EXERCISE INSTRUCTIONS: Repeat the entries below exactly. Drop the pictures.

MATERIAL TO PROCESS:
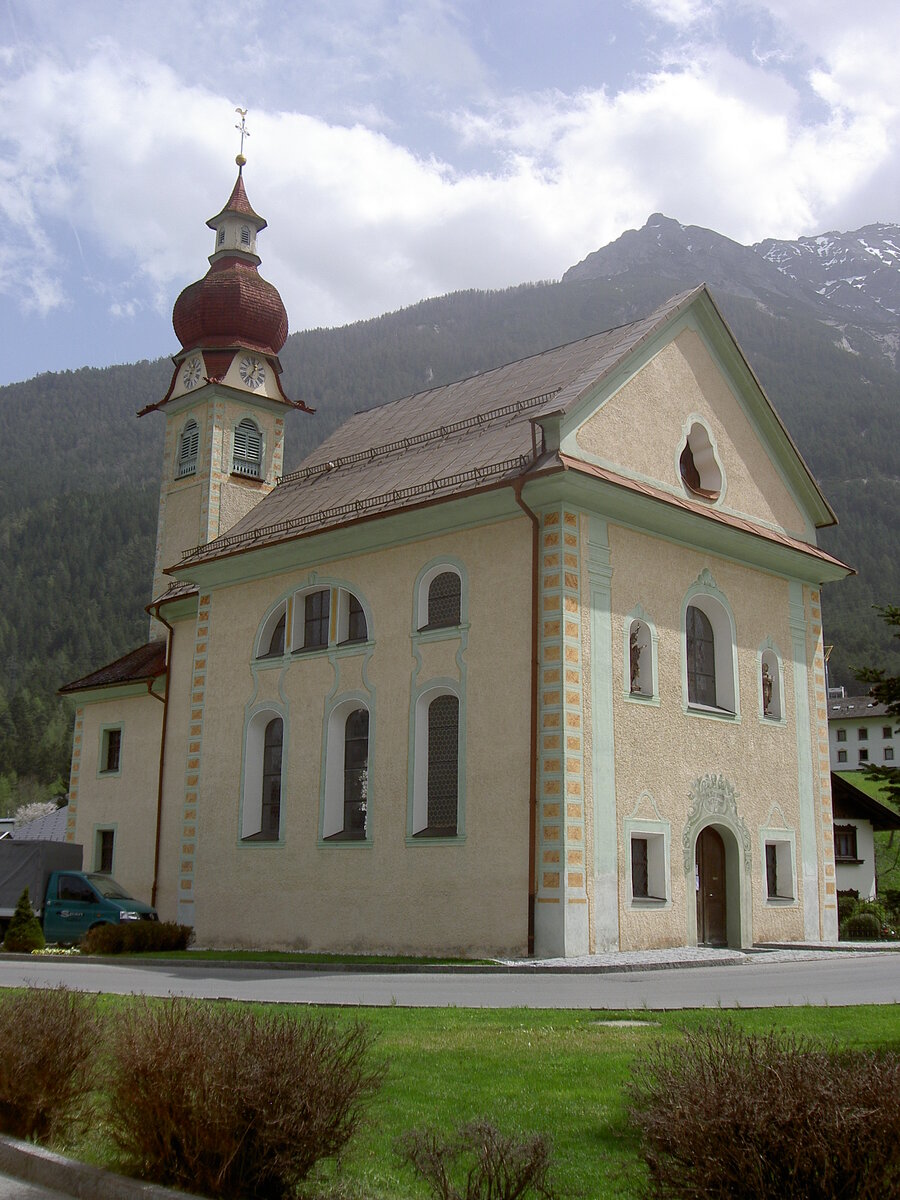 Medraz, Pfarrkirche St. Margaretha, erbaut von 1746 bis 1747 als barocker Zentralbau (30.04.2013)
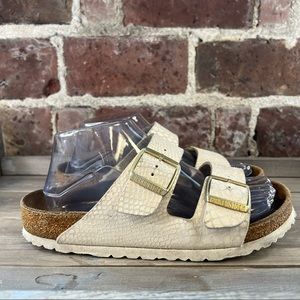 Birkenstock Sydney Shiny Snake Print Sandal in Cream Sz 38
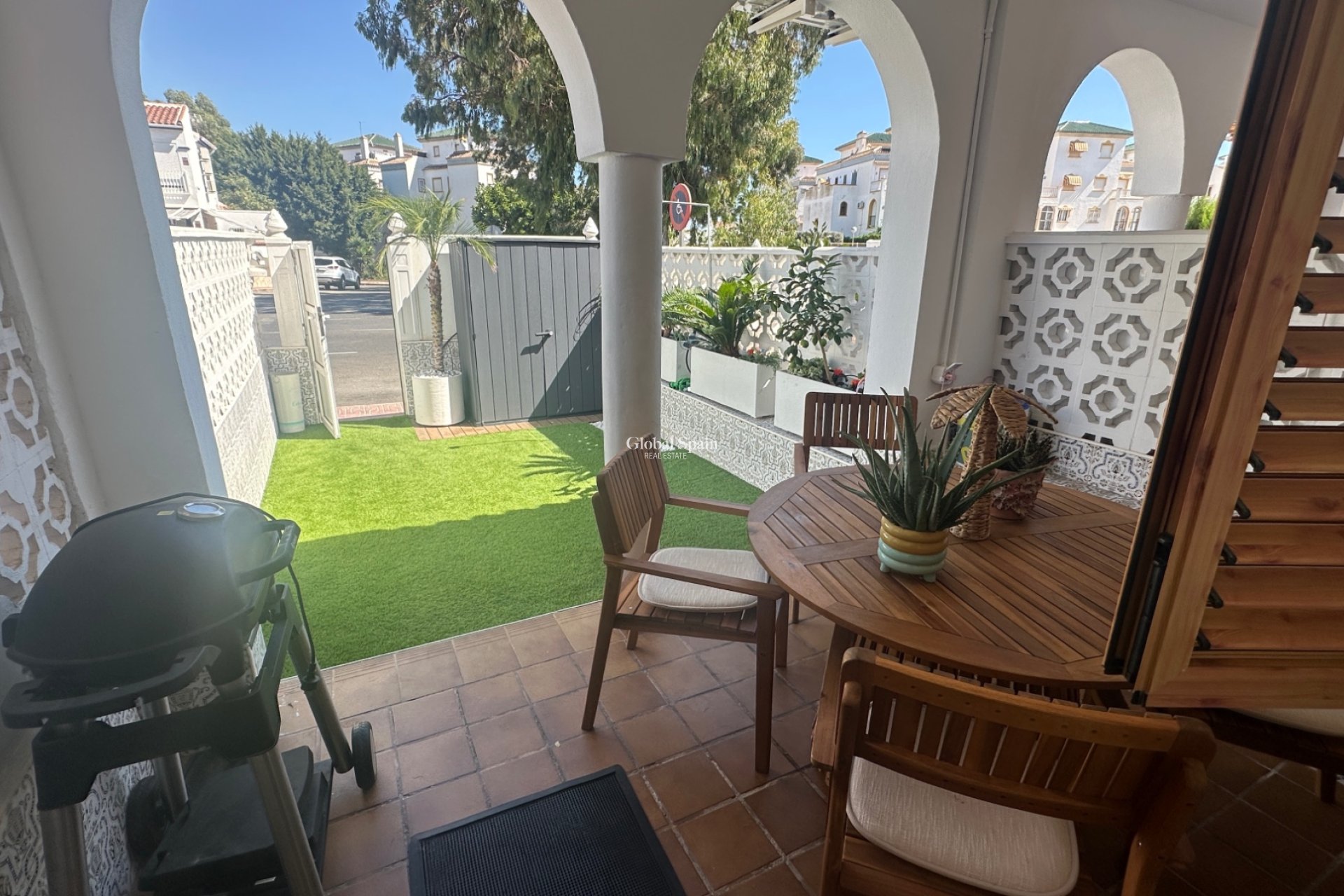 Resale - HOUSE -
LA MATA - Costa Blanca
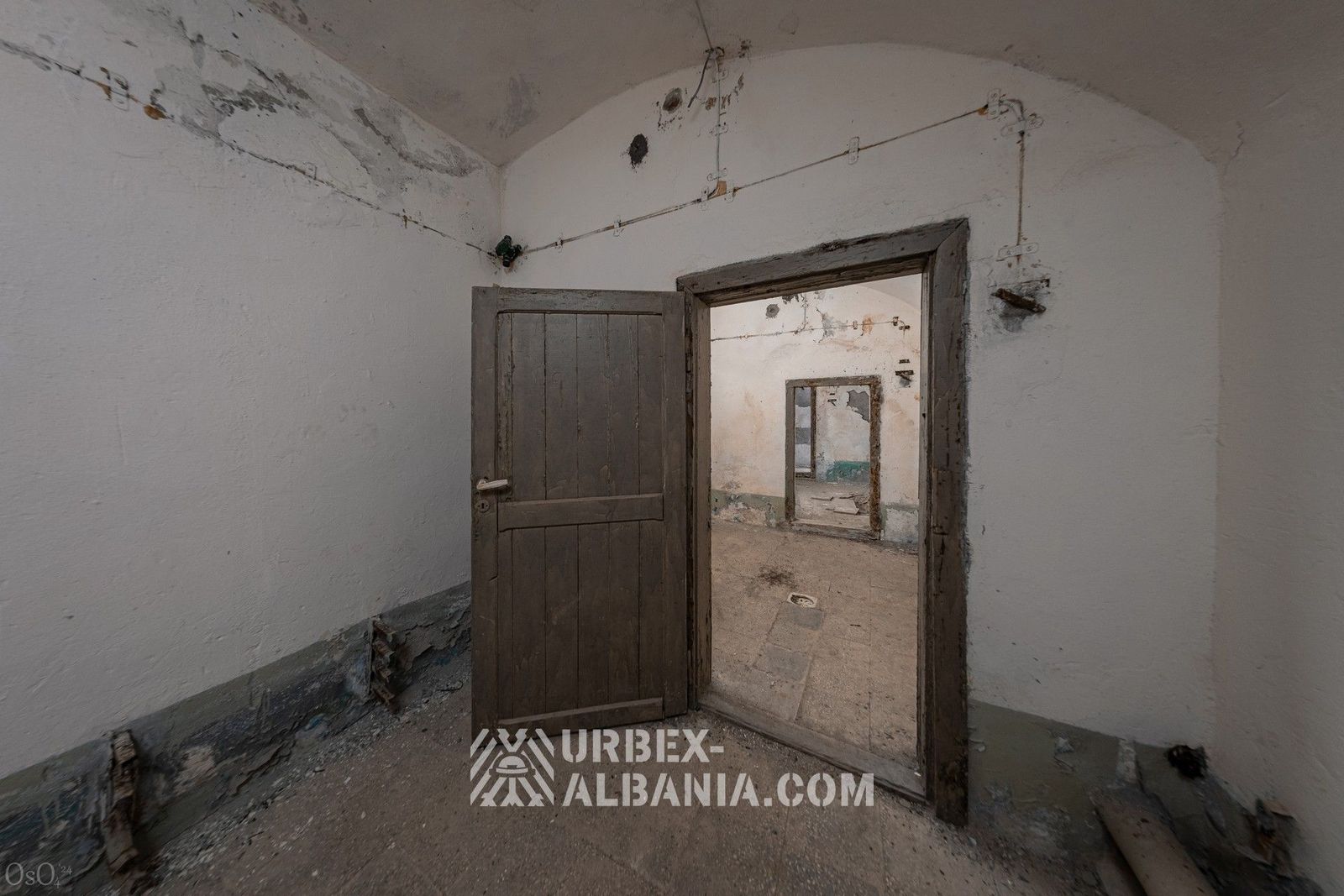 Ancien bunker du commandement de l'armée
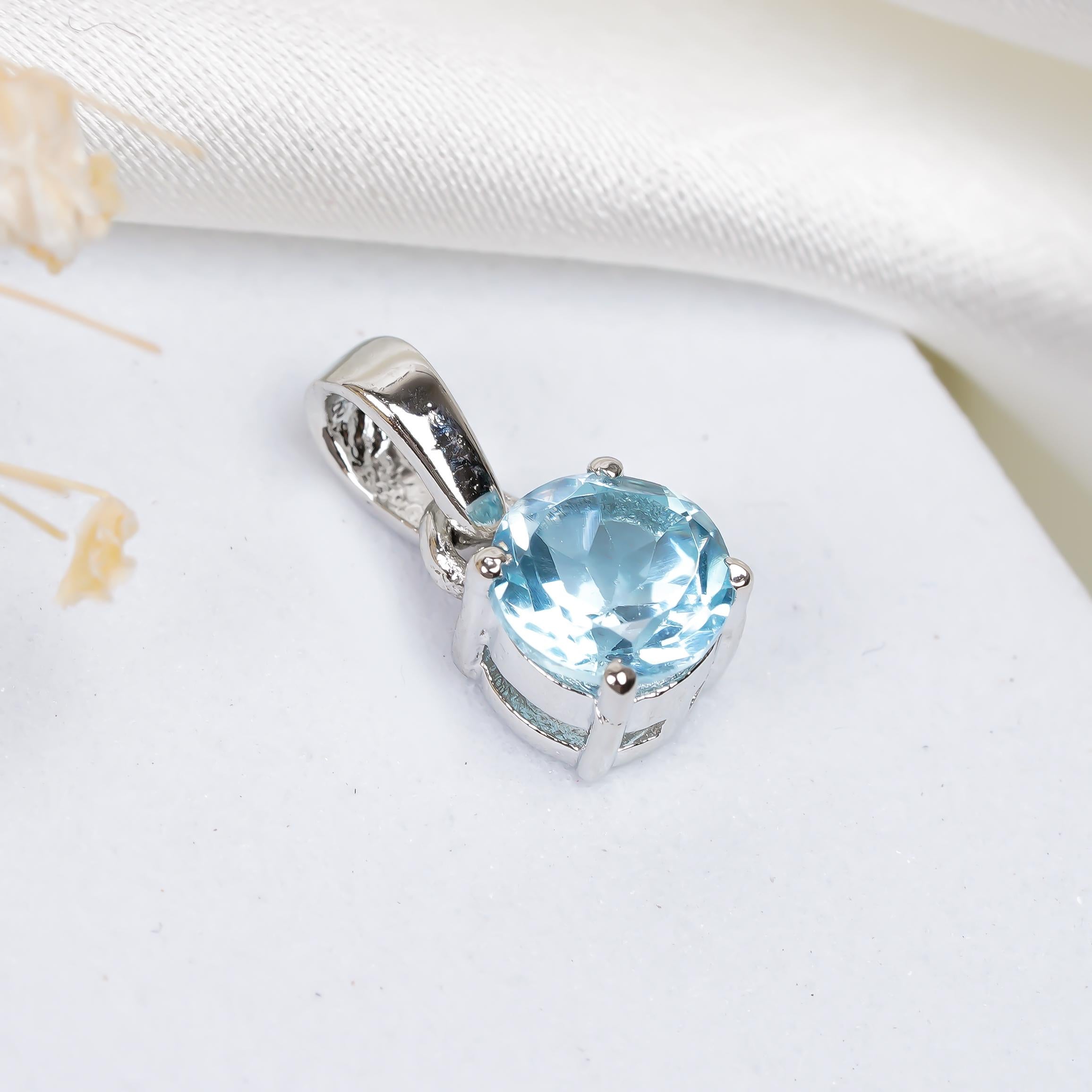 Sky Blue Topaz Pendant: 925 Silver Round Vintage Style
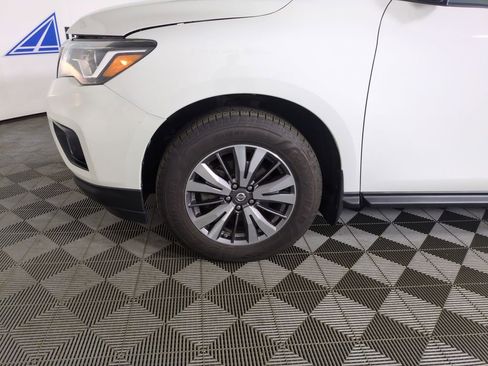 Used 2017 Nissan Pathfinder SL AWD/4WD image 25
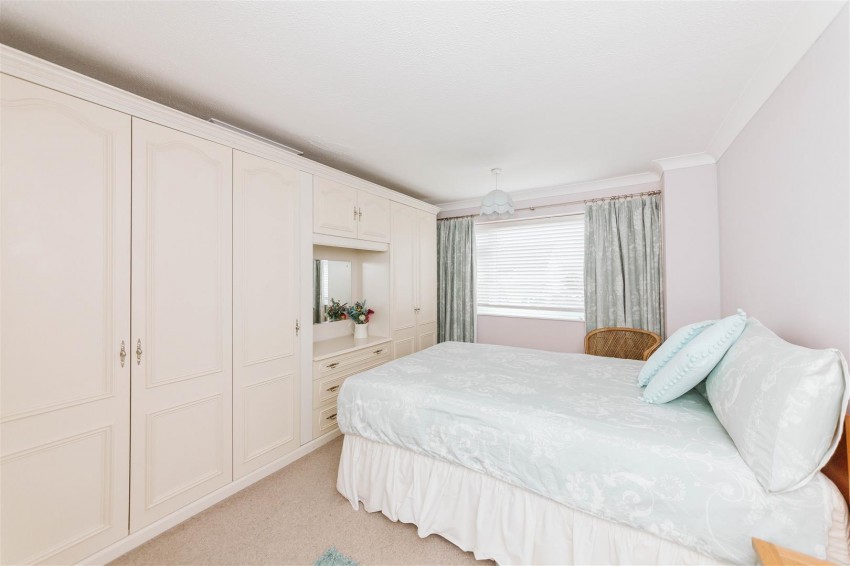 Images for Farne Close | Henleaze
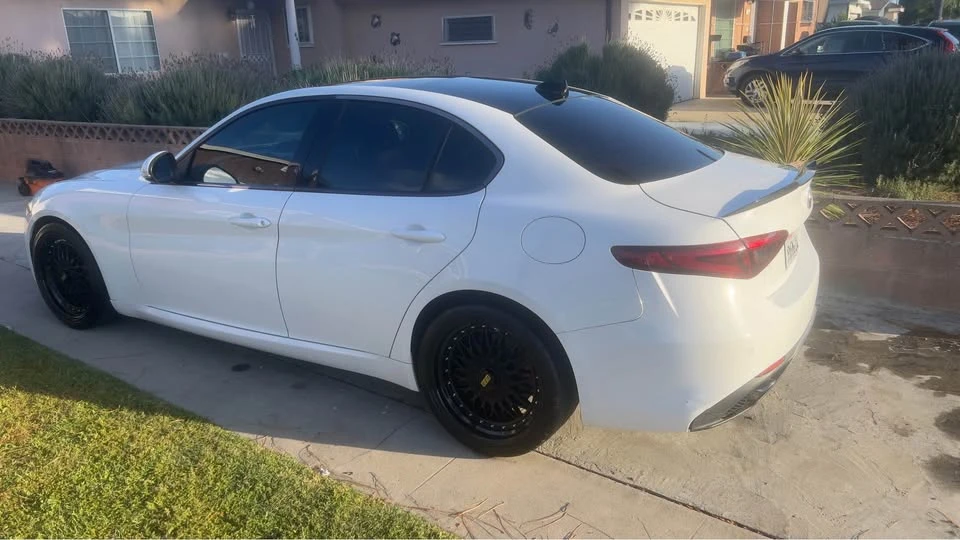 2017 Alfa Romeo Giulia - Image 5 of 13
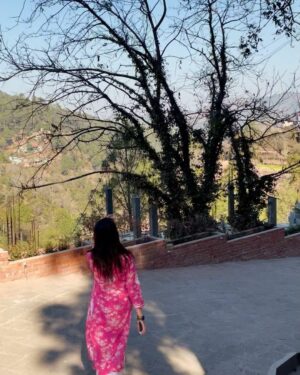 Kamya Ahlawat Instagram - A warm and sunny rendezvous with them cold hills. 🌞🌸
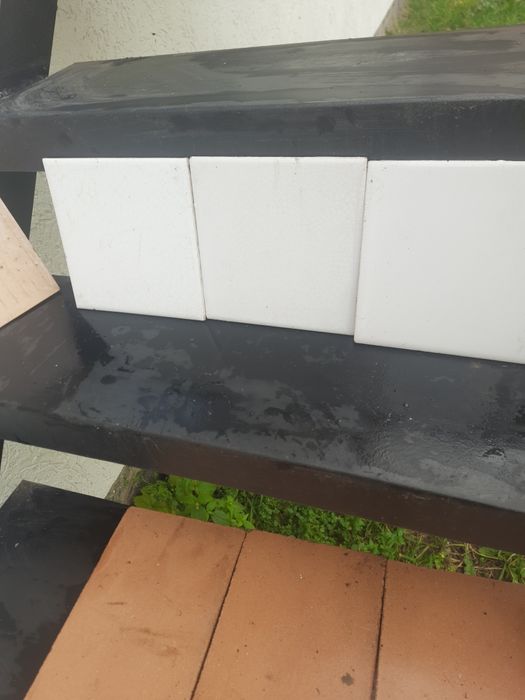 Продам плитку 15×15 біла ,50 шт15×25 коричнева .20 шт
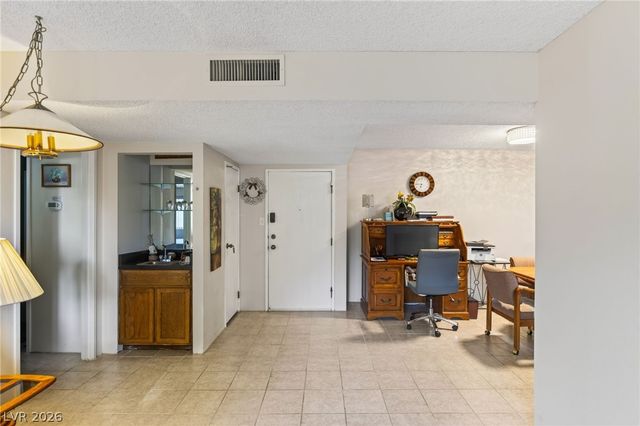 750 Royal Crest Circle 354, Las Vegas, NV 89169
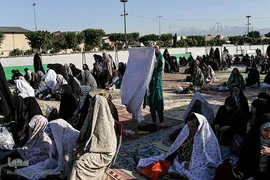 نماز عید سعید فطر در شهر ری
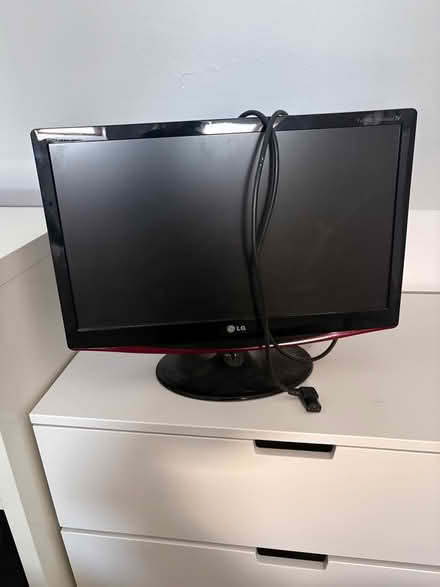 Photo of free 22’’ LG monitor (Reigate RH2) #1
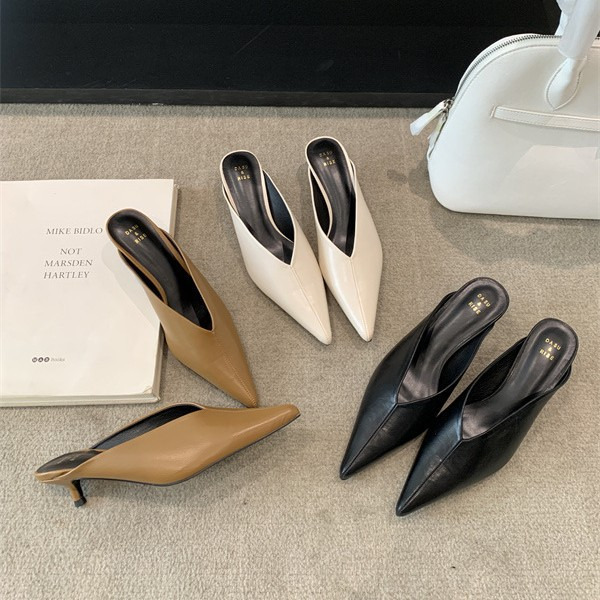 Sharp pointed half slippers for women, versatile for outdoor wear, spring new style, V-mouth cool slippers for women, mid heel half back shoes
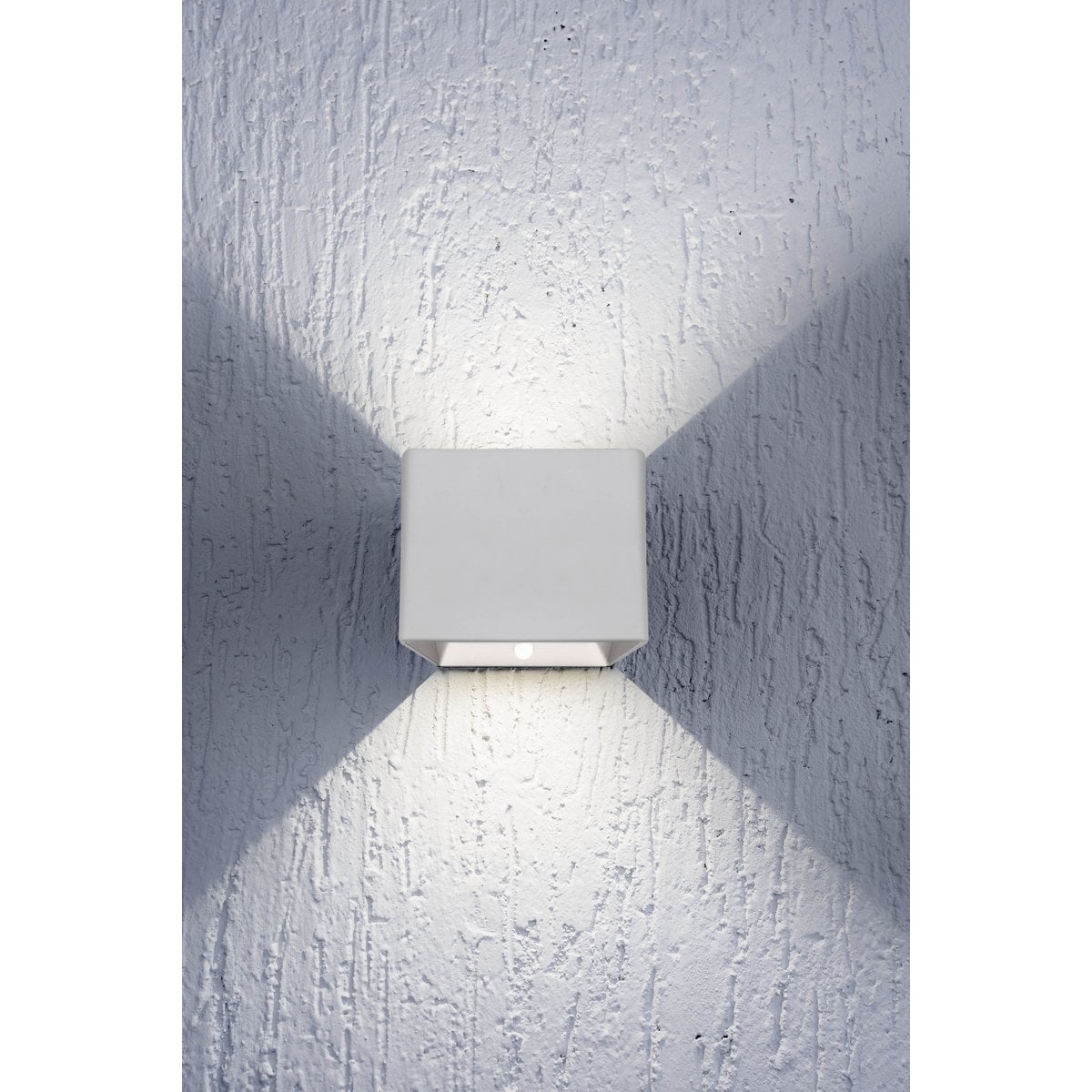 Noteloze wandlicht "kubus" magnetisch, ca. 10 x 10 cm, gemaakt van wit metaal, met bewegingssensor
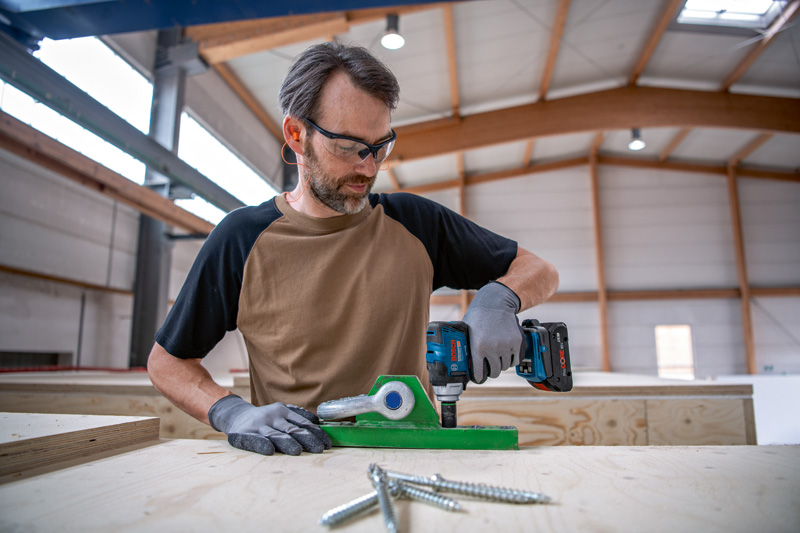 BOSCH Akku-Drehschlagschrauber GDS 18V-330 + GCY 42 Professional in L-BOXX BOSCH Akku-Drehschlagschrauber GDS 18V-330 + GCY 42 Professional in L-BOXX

THE ANSWER:
 Medraz, Pfarrkirche St. Margaretha, erbaut von 1746 bis 1747 als barocker Zentralbau (30.04.2013)
 Birkenstock Sydney Shiny Snake Print Sandal in Cream Sz 38
 Resale - HOUSE -
LA MATA - Costa Blanca
 Ancien bunker du commandement de l'armée
 Sky Blue Topaz Pendant: 925 Silver Round Vintage Style
 Used 2017 Nissan Pathfinder SL AWD/4WD image 25
 Images for Farne Close | Henleaze
 2017 Alfa Romeo Giulia - Image 5 of 13
 Kamya Ahlawat Instagram - A warm and sunny rendezvous with them cold hills. 🌞🌸
 Продам плитку 15×15 біла ,50 шт15×25 коричнева .20 шт
 750 Royal Crest Circle 354, Las Vegas, NV 89169
 نماز عید سعید فطر در شهر ری
 Photo of free 22’’ LG monitor (Reigate RH2) #1
 Sharp pointed half slippers for women, versatile for outdoor wear, spring new style, V-mouth cool slippers for women, mid heel half back shoes
 Noteloze wandlicht "kubus" magnetisch, ca. 10 x 10 cm, gemaakt van wit metaal, met bewegingssensor
 BOSCH Akku-Drehschlagschrauber GDS 18V-330 + GCY 42 Professional in L-BOXX BOSCH Akku-Drehschlagschrauber GDS 18V-330 + GCY 42 Professional in L-BOXX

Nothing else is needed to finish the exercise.